Monday, July 27, 2009

Blogging Opens New Learning Possibilities

Catch teens enjoying social media tools and help them gear that spark toward learning and growth! Since teens are savvy Internet users, it makes sense to have them interact with teens from other schools and experts in knowledge fields to enhance skills in high school subjects. As teens exchange knowledge, information and ideas with peers and others through weblog, they can stimulate literacy skills and higher cognitive thinking. Consider weblogs as the means...

Blogging helps encourage teen writing, according to a recent Pew Internet and American Life Project study. Interestingly according to the survey findings, 82 percent of students "believe that additional instruction and focus on writing in school would help improve their writing even further--and more than three-quarters of those surveyed think it would help their writing if their teachers used computer-based writing tools such as games, multimedia, or writing software programs or web sites during class." It makes sense then that teachers use blogs as a way to stir students' writing skills.

"For a group of my English literature students," teacher Will Richardson notes, "the latest buzz in educational technology began with bees. I had my class read The Secret Life of Bees (Penguin, 2003), then offered a new way to create dialog around the book with literary weblogs.

Richardson adds these insights about the success of using blogs....
The "blogs" are gaining traction in education as an online forum for classroom discussion, and to develop students' critical thinking, writing, and reading comprehension skills. Here at HCRHS, they have even more reach. For instance, my lit students created an online reader study guide for Bees, using the weblog format. In two years, the site Weblogs.hcrhs.k12.nj.us/bees has had more than 2 million hits, including a 2,300-word response from the book's author, Sue Monk Kidd.

The weblog traffic has since grown to encompass different students and schools, making it clear to our students that others are reading and learning from their work. This "sense of audience" gets students excited, and helps to facilitate discussion, debate, and participation, even among reticent students. Blogs also motivate students to become more engaged in reading, think more deeply about the meaning of their writing, and submit higher quality work.
Richardson advocates using blogging software for "advantages in control, security and functionality. We license Manila, a content management system from Userland.com (manila.userland.com). A $499 annual license lets us build as many blogs as our server can hold (up to 2,000), and we can navigate between an open audience (a blogging benefit), versus security and privacy (to keep our students safe)." While other brands are certainly available, teachers want to know possible options when security is an issue.

Blogging can improve student writing skills when teachers facilitate students to connect these meaningfully to content. "As students engage new tasks they enhance literacy skills," Rebecca Weinstein notes. Many texts can be used... such as magazine articles, book excerpts, poetry, news articles, recipes, song lyrics and others they locate. Even cartoons can represent bigger ideas. And today students can create digital videos on investigative themes.

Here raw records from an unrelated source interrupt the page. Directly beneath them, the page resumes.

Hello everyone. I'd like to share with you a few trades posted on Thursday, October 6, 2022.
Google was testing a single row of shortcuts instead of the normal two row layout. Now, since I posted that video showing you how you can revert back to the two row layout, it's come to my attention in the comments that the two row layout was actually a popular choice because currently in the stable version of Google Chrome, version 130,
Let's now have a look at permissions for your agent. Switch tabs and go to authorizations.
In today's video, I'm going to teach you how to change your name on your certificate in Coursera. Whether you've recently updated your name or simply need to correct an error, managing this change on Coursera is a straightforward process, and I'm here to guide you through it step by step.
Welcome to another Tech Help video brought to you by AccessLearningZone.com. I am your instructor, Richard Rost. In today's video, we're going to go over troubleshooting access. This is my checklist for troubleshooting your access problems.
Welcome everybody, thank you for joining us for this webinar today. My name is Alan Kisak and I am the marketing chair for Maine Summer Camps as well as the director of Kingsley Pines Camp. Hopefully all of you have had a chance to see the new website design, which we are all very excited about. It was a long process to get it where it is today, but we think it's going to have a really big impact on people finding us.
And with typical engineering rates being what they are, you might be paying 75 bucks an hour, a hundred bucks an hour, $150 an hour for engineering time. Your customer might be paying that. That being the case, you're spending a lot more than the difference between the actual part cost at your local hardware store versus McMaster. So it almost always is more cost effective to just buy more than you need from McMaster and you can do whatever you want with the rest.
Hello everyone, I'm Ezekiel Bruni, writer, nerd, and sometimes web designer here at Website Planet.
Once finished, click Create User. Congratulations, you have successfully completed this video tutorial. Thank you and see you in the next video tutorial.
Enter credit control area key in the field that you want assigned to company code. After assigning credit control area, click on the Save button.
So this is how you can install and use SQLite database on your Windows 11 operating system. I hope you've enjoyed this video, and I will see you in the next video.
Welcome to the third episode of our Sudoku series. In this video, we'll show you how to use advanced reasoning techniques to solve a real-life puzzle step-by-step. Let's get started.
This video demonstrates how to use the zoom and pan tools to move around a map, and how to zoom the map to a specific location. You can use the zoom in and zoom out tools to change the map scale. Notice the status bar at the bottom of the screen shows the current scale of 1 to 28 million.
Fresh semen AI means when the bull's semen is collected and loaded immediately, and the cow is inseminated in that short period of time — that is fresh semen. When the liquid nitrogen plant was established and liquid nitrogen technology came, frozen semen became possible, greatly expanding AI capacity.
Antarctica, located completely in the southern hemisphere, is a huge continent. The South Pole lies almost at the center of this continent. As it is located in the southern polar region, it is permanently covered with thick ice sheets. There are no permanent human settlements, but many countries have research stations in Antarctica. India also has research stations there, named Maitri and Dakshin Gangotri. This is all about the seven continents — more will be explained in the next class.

Weblogs offer new opportunities in language teaching and create additional spaces to teach a target language beyond the classroom context. Some points which language teachers must consider (e.g. time devotion, students’ privacy, the Internet access, etc…), but it is nevertheless worth using the technology as an efficient way to promote autonomous learning in educational settings.

Amazing possibilities open in science through student weblogs. For instance,
Biopac Science Lab allows High School students to display, record, and analyze data from their own bodies. This approach promotes scientific inquiry and student participation and engages student minds to develop critical thinking skills through real and exciting lab experiences. The software includes a series of guided science lessons for students to record and analyze their own heart signals (ECG), brain waves (EEG), muscle activity (EMG), and eye movement (EOG). Lessons support national science standards and easily align with Biology textbooks. The system includes detailed lesson plans that guide the student through self-paced and independent investigative experiments.
Business administration, political science, journalism and philosophy are enriched through student experiences with weblogs according to recent research in the Journal of Online Learning and Teaching. "Liberal learning depends on students taking responsibility for their education. Instructors in any discipline can use blogs to begin conversations about course materials before students arrive in the classroom and continue them long after a class has ended, thus fostering a sense of active learning both inside and outside the classroom," the researchers conclude.

Blogs are a means to enhance many many math skills in practical ways. "In math the emphasis has shifted from teaching rules and procedures," reflects Jamie Tubbs, "to helping students create their own understanding of the mathematics they are learning. To do this, students must be active and engaged, reasoning through problems, justifying answers, and communicating their understanding to others." Student blogs include...
Traditional writing activities such as journals, learning logs, and math autobiographies are all possible on a blog. But blogs also allow users to incorporate links, images, audio, video, spreadsheets, graphs, linear and nonlinear patterns into posts, increasing the potential for creative project-based learning.

Podcasting is just one way music students can enhance performance. Opportunities are open to add digital backgrounds to their performance. These can be shared online with a wider audience.

While many teachers may face teen disengagement in class due to too much teacher talk or boring PowerPoint presentations, student blogging with a focus in your subject area, is one possibility to engage and empower teens as they learn.

What lesson suggestions do you have for your subject area? Your ideas and suggestions will help start a tool chest for others.